# Cordless Hacksaw



## JimN (Dec 28, 2009)

Living in a condo, means for me no big shop to work in. So equipment must be small and portable so it can be moved off my work table at times. I was always telling my wife I was getting my state of the art, power hacksaw out to cut something. You know the type, powered by human muscale. LOL

Well this was waiting for me on xmas day, nice unit, and cuts about anything I might want to cut. Limit of cut is 2.5 inches, but it burns through 2 inch steel pipe like butter...Its portable to, comes out of the little table if you need it to.

Going to miss that old hand hacksaw,,,not.


----------



## black85vette (Dec 28, 2009)

Looks like a nifty solution for limited space. Who makes it and where is it sold?


----------



## Deanofid (Dec 29, 2009)

That's neat!  Where do I get one?
My right arm's twice the size of the left.
(Have to buy special shirts!)

Dean


----------



## Twmaster (Dec 29, 2009)

That is neat.
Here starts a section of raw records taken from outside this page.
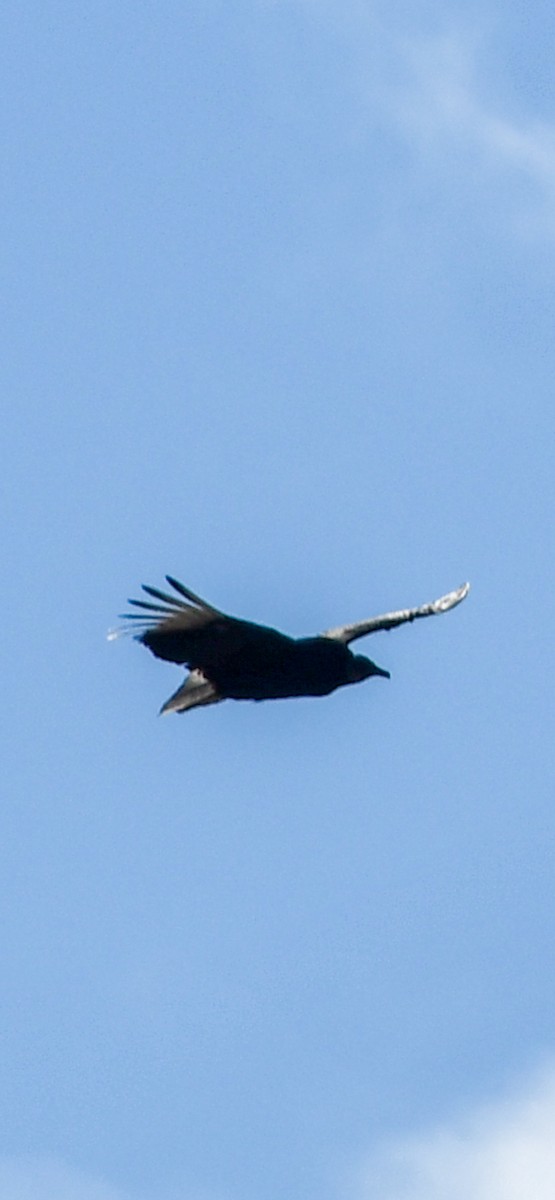 Black Vulture - ML543619871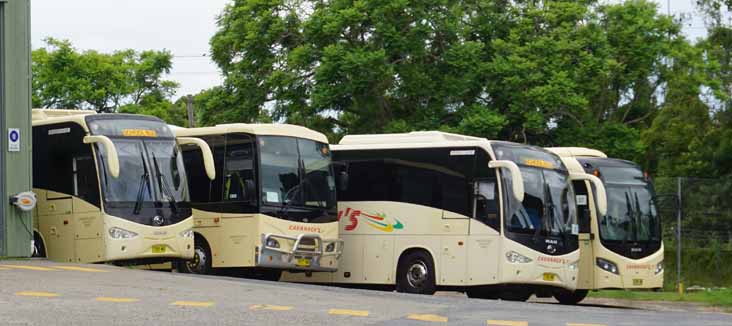 Cavanagh's of Kempsey | australia.SHOWBUS.com BUS IMAGE GALLERY | NSW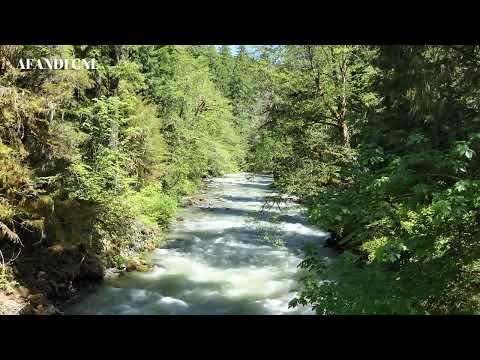 MUSIK LOFI NUANSA ALAM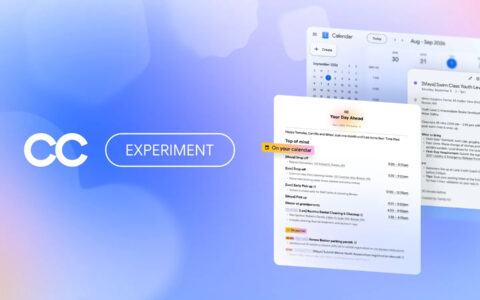 Gemini使用指南：This Google AI exper
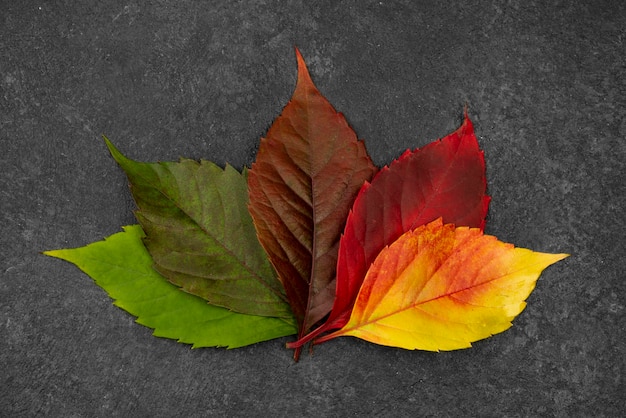 Top view of different colored leaves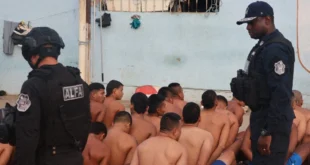 Agentes de seguridad de Panamá realizando requisas y control perimetral durante la Operación Cerrojo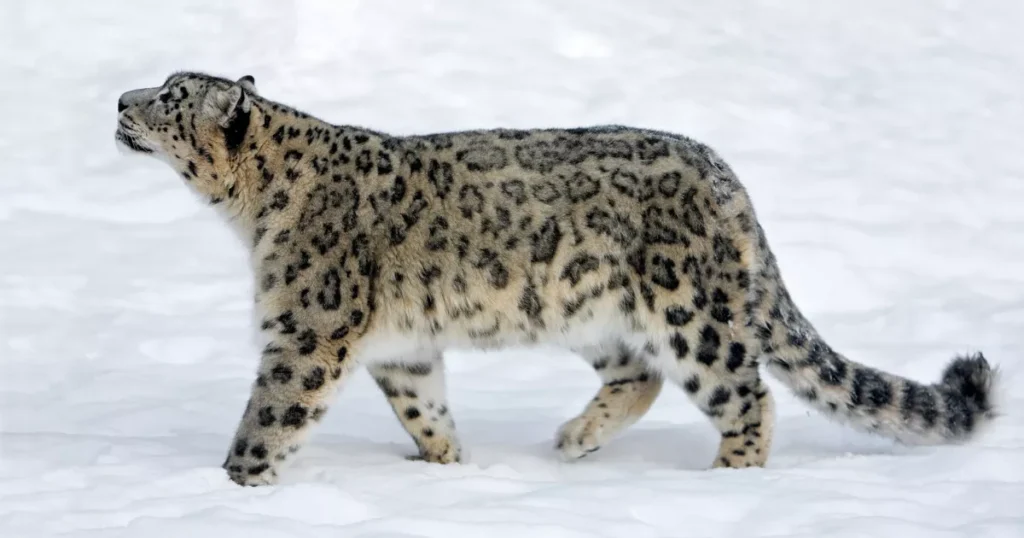 Snow Leopard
Looks like it's one of the little portable bandsaws like H-F and a bunch of the Asian sellers on FeeBay sell but with a spiffy base.


----------



## JimN (Dec 29, 2009)

Its a Mastercraft item.

http://www.canadiantire.ca/browse/product_detail.jsp;jsessionid=L6CJ1ksGsCMgG3nmbvJHMDc1mnyfPjhjJkGTCd1ssJvrNlrrfKrP!472809907?PRODUCT%3C%3Eprd_id=845524443313881&bmUID=1262109332828

Very handy for us Sherline users, small and compact.


----------



## Twmaster (Dec 29, 2009)

Bad link Jim.


----------



## Noitoen (Dec 29, 2009)

The link in blue is bad but if you copy the whole lot it opens ok.
http://www.canadiantire.ca/browse/product_detail.jsp;jsessionid=L6CJ1ksGsCMgG3nmbvJHMDc1mnyfPjhjJkGTCd1ssJvrNlrrfKrP!472809907?PRODUCT%3C%3Eprd_id=845524443313881&bmUID=1262109332828


----------



## JimN (Dec 29, 2009)

Thanks Noitioen, I didn't notice that the whole link was not together,,

JimN


----------



## d.bick (Dec 29, 2009)

Think of the fun we could have had if we had one of these when we were kids 
 Great tool 
 I dont like hacksaws 
 Dave Bick


----------